Cette décision de Tsípras et Syriza contre le droit de grève le fait officiellement changer de camp. Car le droit de grève est une « liberté » fondamentale des travailleurs depuis qu’existe le mouvement ouvrier. C’est si grave que cela a justifié que le Parti de Gauche demande l’expulsion de Syriza du Parti de la gauche européenne (PGE) dont il est membre. Une demande à laquelle la direction du PCF, qui a présidé l’organisation pendant deux ans et dont son secrétaire général Pierre Laurent est encore vice-président a répondu qu’elle était «  ridicule et sans objet ». J’invite mes amis à ne pas rester un jour de plus en pareille compagnie. Mais si « Génération-s » et le PCF trouvent que Tsípras est un partenaire acceptable, le mieux serait qu’ils fassent ensemble une liste commune aux européennes et qu’ils assument de s’en expliquer devant les électeurs. Je ne serais pas jaloux, croyez le bien. En tous cas, que chacun se le dise : une alliance avec Syriza est hors de question pour nous, quelle qu’en soit la forme. En Grèce, il faut aider de toutes nos forces « Unité populaire » et Zoé Konstantopoulou qui ont relevé le flambeau de la lutte indépendante. C’est ce que j’ai fait en me rendant au meeting de lancement du mouvement de Zoé aux côtés de Michel Larive, Loïc Prudhomme, Bénédicte Taurine et Bastien Lachaud députés de « La France insoumise ».

Au demeurant, le PGE de Tsípras et de Pierre Laurent ne joue aucun rôle politique réel en Europe sinon pour de confidentielles répartitions de postes et de moyens. Et bien sûr pour essayer de faire diversion face au « forum du Plan B » qui, sans aucune aide, est parvenu à tenir quatre sommets en trois ans et se révèle être le véritable lieu de rencontre internationale de la rébellion progressiste en Europe. Il rallie en effet de plus en plus largement en Europe et attire des observateurs du monde entier. De son côté, le PGE, sous l’influence de Tsípras, invente des contre-feux récupérateurs, à l’ancienne, sans le souffle et l’imagination qui caractérise le reste du monde des rebelles en Europe. Une fois de plus, sur ce sujet comme sur les autres, la direction PCF, tente les mêmes sempiternelles manœuvres dilatoires : le flou des textes, les incantations unitaires de posture, l’usurpation d’identité, le captage des places et postes.

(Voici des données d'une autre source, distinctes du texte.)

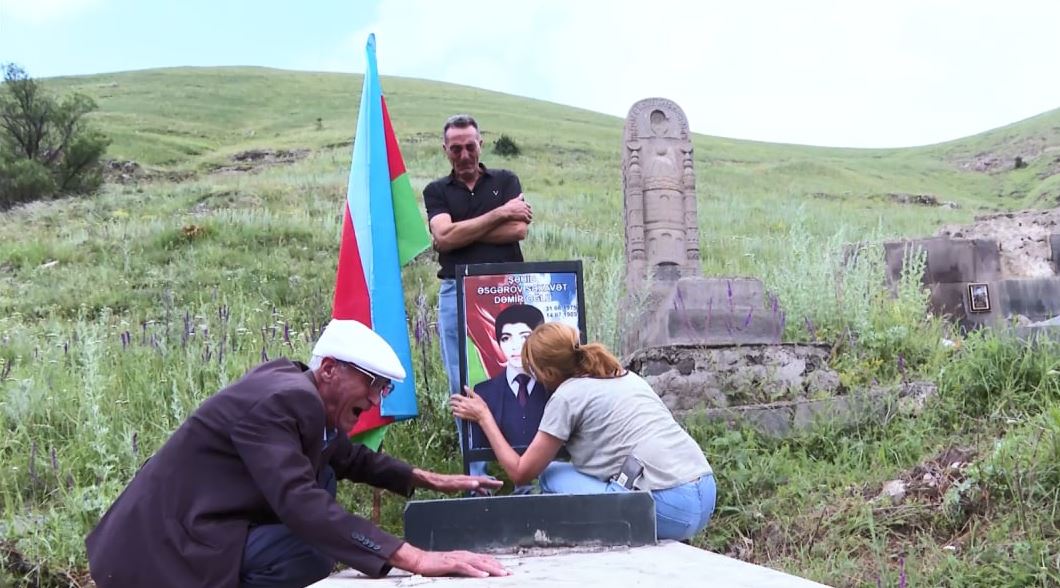 8 kəlbəcərli uşağı sanki ət maşını doğramışdı - VİDEO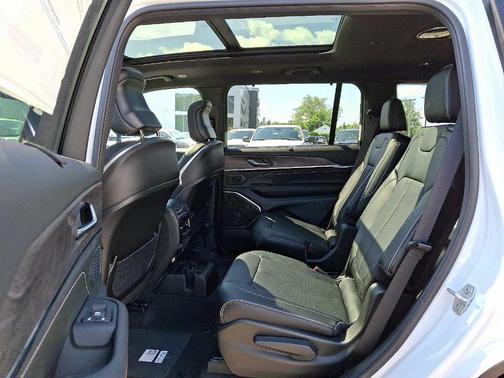 2025 Jeep Grand Cherokee L Overland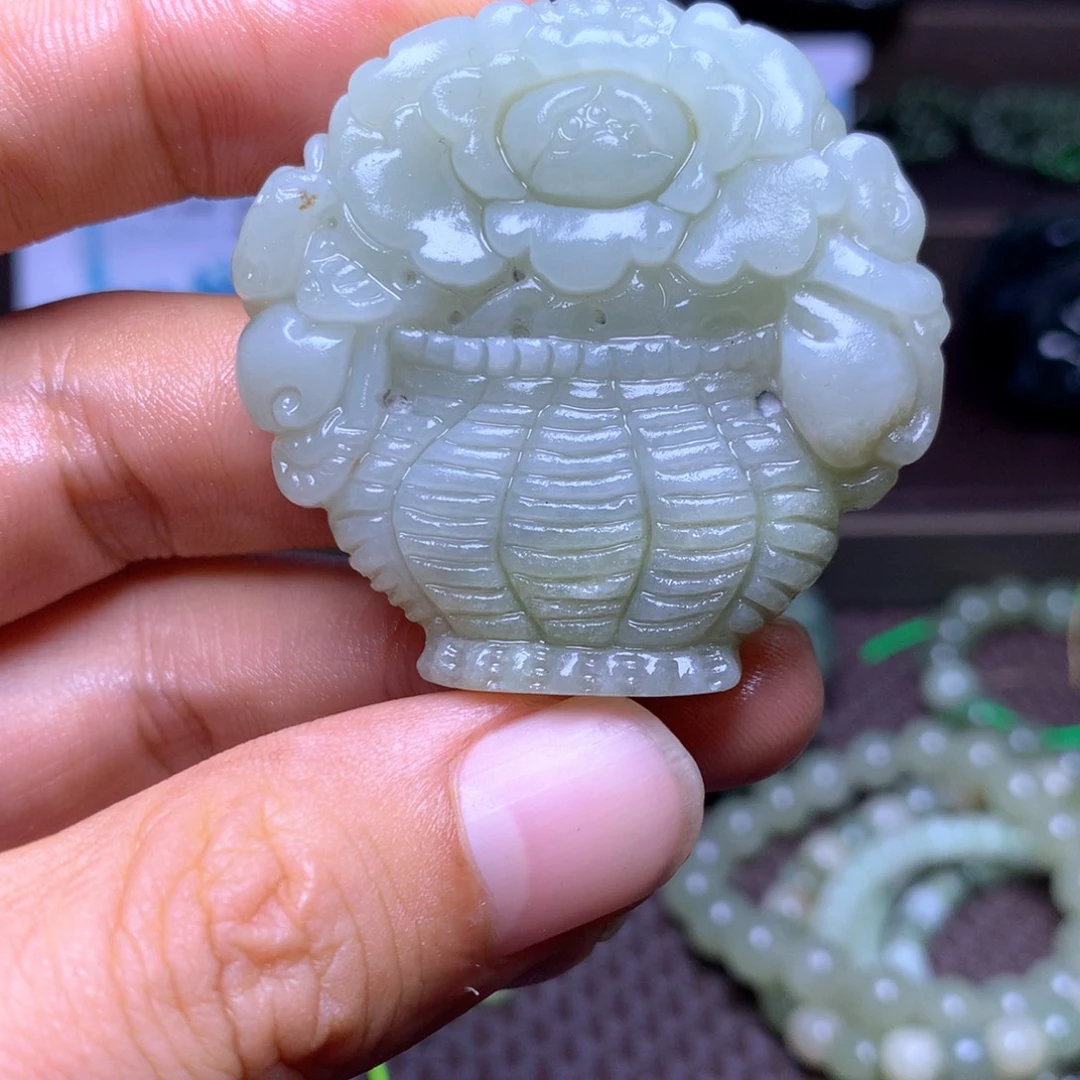 颈饰未镶嵌和田玉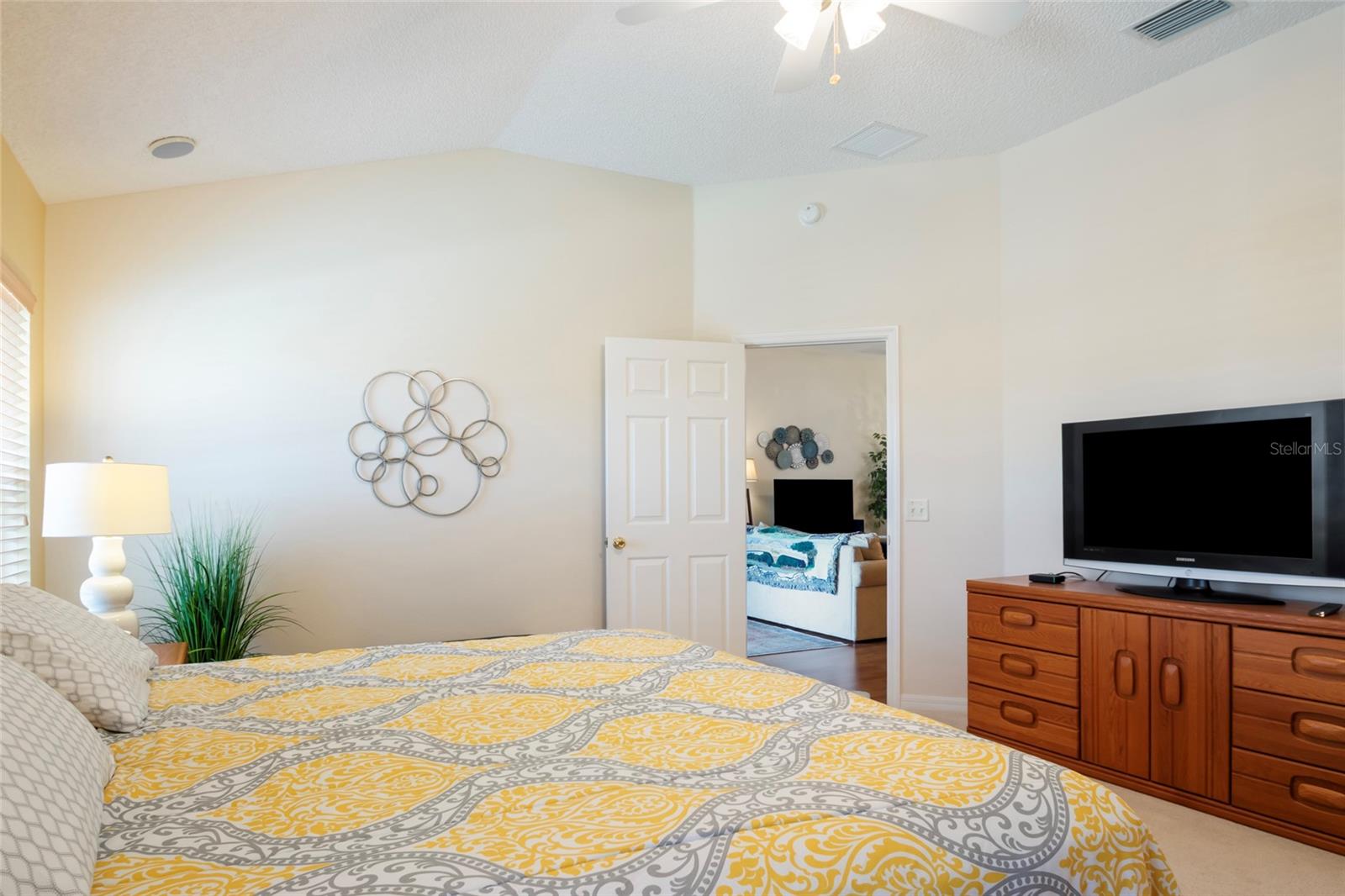 Image 19 of 56 For 17070 91st Lee Avenue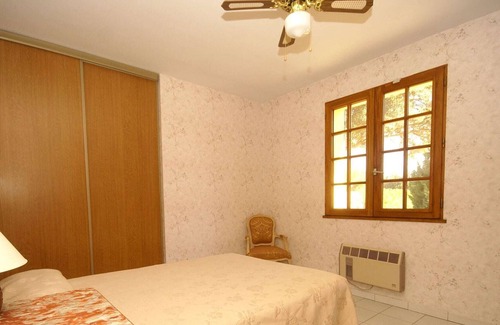 Sorgues Villa | Stunning Villa in Sorgues with Swimming Pool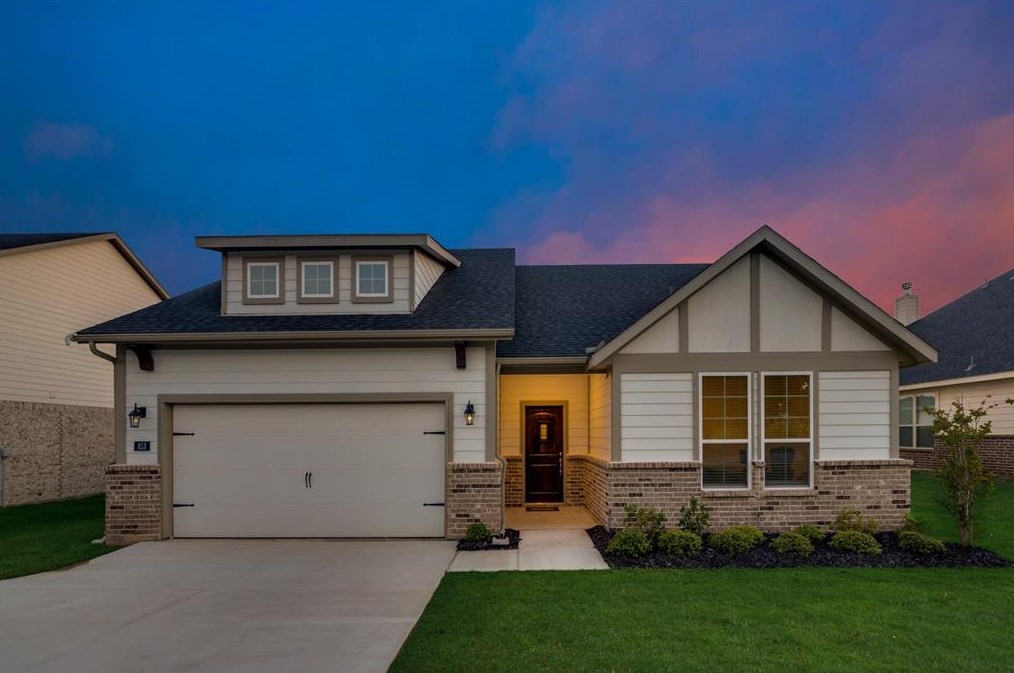 813 Holbrook Rd, Springtown, TX 76082-2543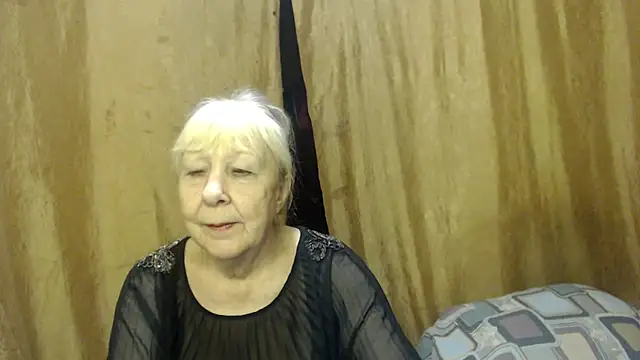  Estelitta 5 online show from 12.20.24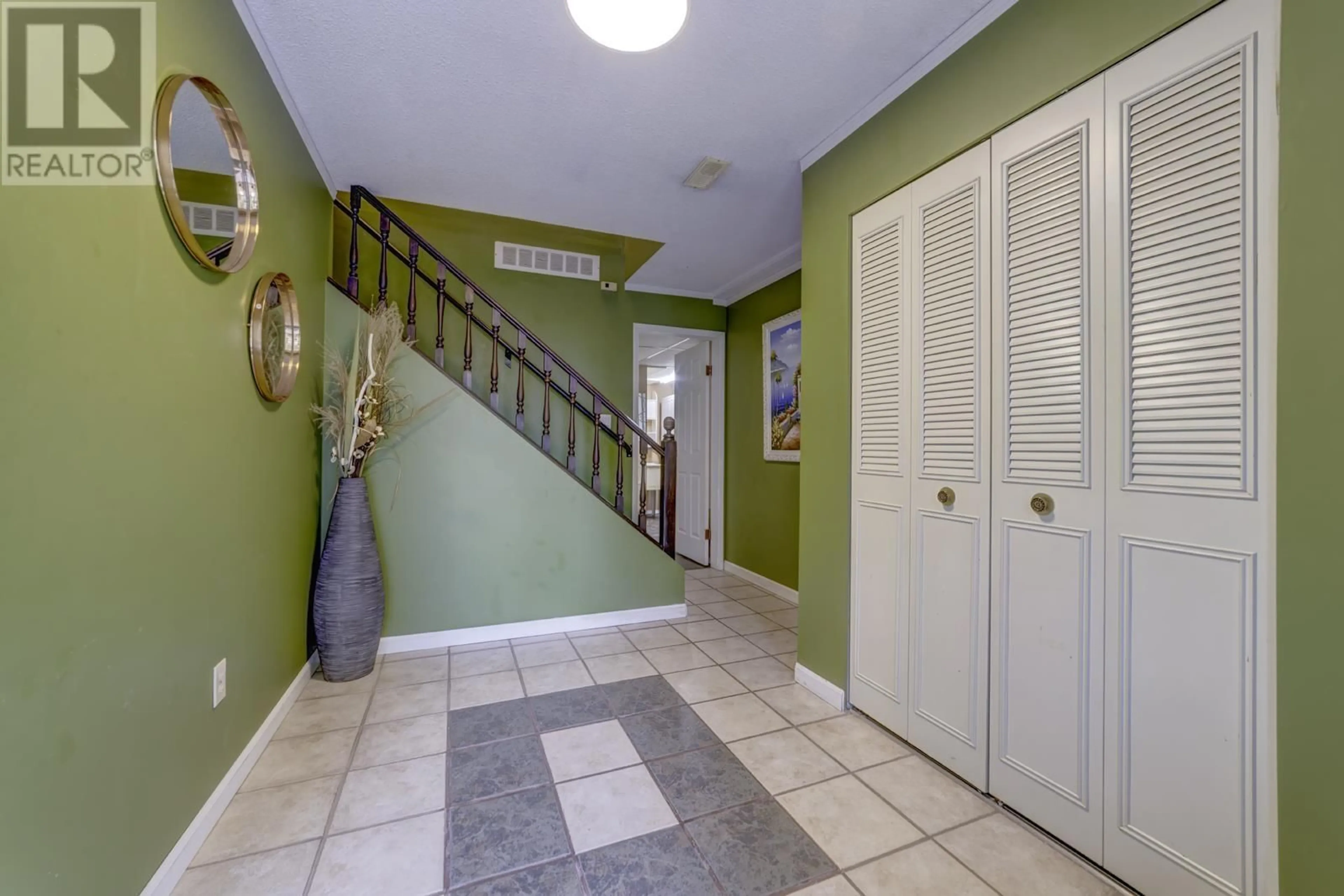 Indoor foyer, cement floor for 1026 SADDLE STREET, Coquitlam British Columbia V3C3W3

Les grands trolleurs communistes qui s’indignent à chacun de mes mots n’ont pas encore dit une parole sur leur alliance confirmée avec Tsípras. Mais en dernière instance, on connaît la musique des appareils politiques : Tsípras oui, la rupture avec l’Europe des traités : non. Ne pas accepter de passer du côté du « Plan B » n’a qu’un but : ne pas être rendus infréquentables aux municipales, cantonales et régionales où la même comédie unitaire sans principe sera rejouée. À la fin, le ridicule frappe à toutes les portes.

Ainsi quand récemment se fit une réunion de ce PGE… à Marseille… La direction du PCF commença par annoncer à grand bruit une prise de parole de Tsípras. Bien sûr, celui-ci ne vint pas. Un de ses représentants vint y débiter les sornettes de la capitulation « utile », « moins pire » et même « de gauche ». Mais toutes ces humiliations et tout ce mépris s’ajoutant à la longue liste des exploits de cette même équipe n’y fit rien. Même la polémique qu’ils voulurent ouvrir contre moi en me peignant une fois de plus comme un sectaire parce que je refusais de cautionner cette pantomime n’intéressa personne. De maigres assemblées y multiplièrent donc des séances sinistres, sans objectifs ni perspectives. Ainsi va le monde : réunir toutes les forces du PGE en Europe pour venir m’humilier et me mépriser dans ma circonscription ne suffit pas à faire un évènement.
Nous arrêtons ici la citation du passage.